▶ TO DO
Extract, without alteration, each line from the start of the listing to the line bearing "Babyhug Cotton Knit".

▶ DATA SEGMENT
▼▼▼

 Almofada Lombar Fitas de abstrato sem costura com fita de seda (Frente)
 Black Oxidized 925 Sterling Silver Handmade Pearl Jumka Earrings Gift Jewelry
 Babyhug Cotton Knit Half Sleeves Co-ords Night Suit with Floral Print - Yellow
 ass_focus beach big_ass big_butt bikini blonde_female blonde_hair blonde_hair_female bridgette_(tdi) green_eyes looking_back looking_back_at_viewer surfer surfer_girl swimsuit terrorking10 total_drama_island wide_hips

▲▲▲

▶ TASK SOLUTION
 Almofada Lombar Fitas de abstrato sem costura com fita de seda (Frente)
 Black Oxidized 925 Sterling Silver Handmade Pearl Jumka Earrings Gift Jewelry
 Babyhug Cotton Knit Half Sleeves Co-ords Night Suit with Floral Print - Yellow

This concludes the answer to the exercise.